--- DATASET EXTRACT Enclosed Below ---

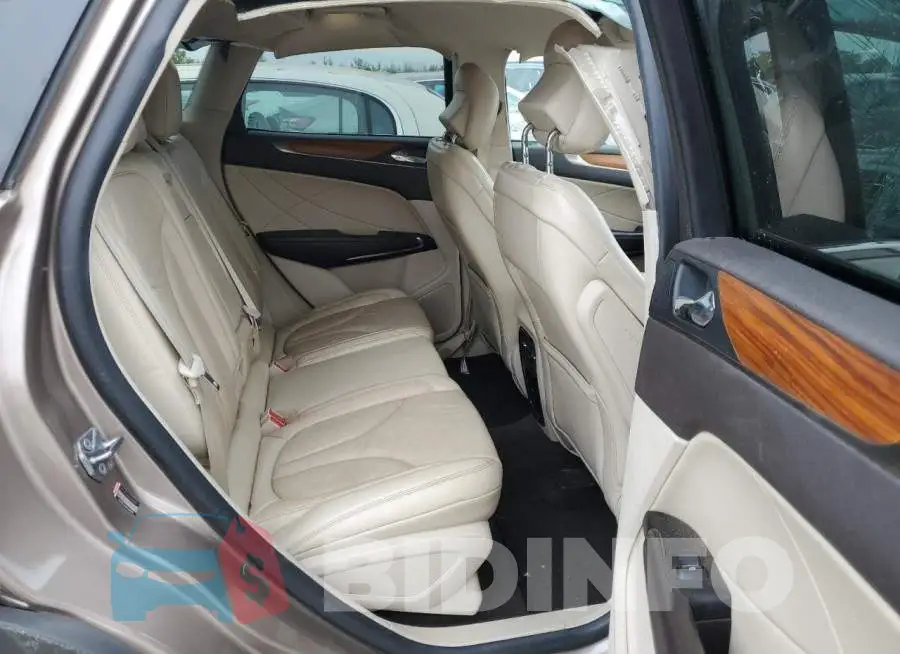 5LMCJ2C98KUL15312 Photo# 11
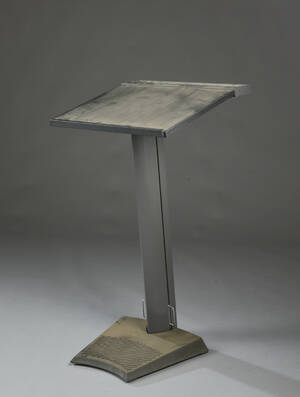 Talerstol af pulverlakeret metal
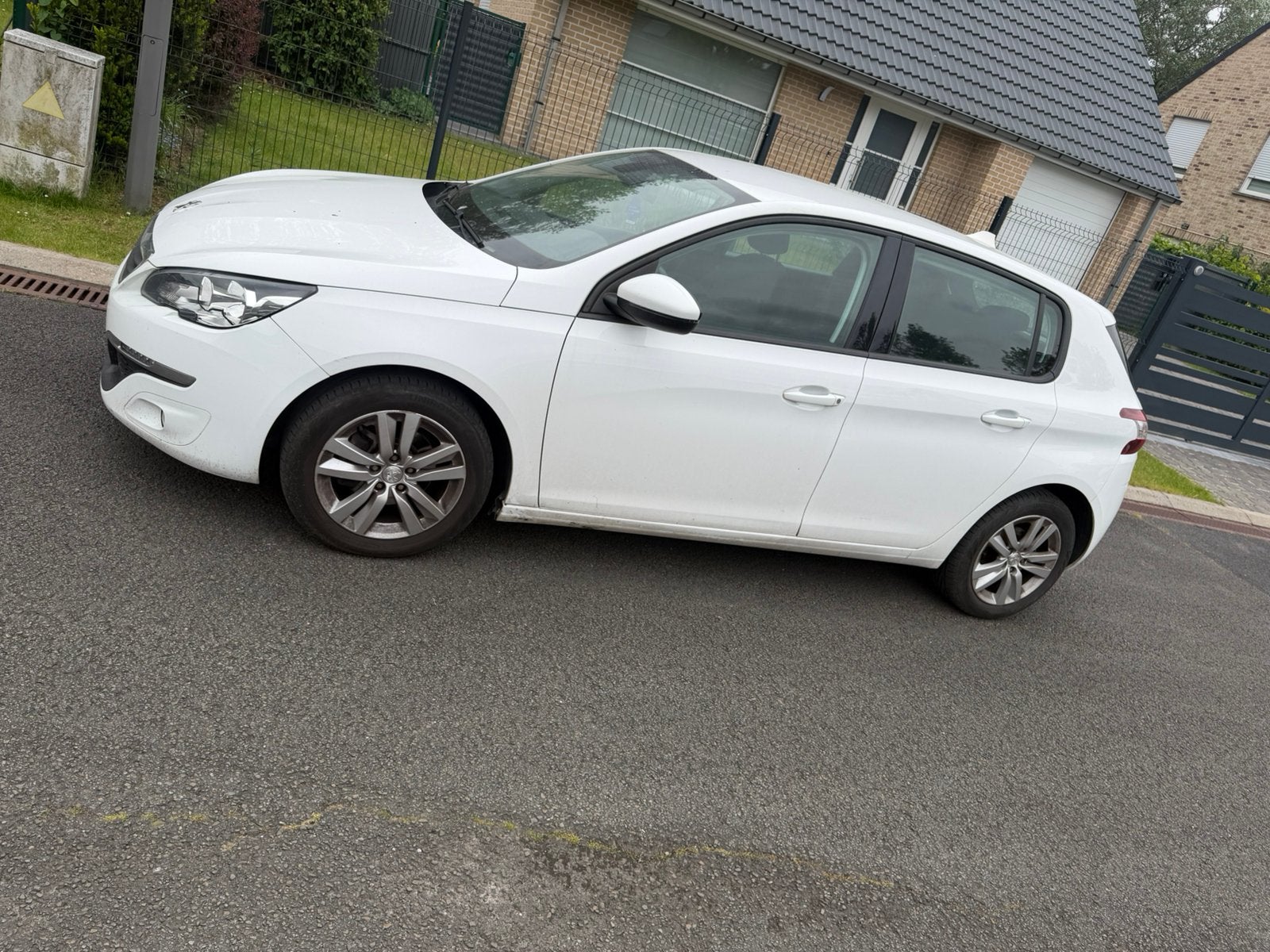 Peugeot 308 année 2017 phase 2 1 litres 6 h d i  moteur t 9, Auto's, Peugeot, Stof, Zwart, Wit, 120 kW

--- End of Enclosed DATASET EXTRACT ---

[WHAT THE EXERCISE ASKS]
Print the material verbatim; drop the pictures.

[TASK SOLUTION]
 5LMCJ2C98KUL15312 Photo# 11
 Talerstol af pulverlakeret metal
 Peugeot 308 année 2017 phase 2 1 litres 6 h d i  moteur t 9, Auto's, Peugeot, Stof, Zwart, Wit, 120 kW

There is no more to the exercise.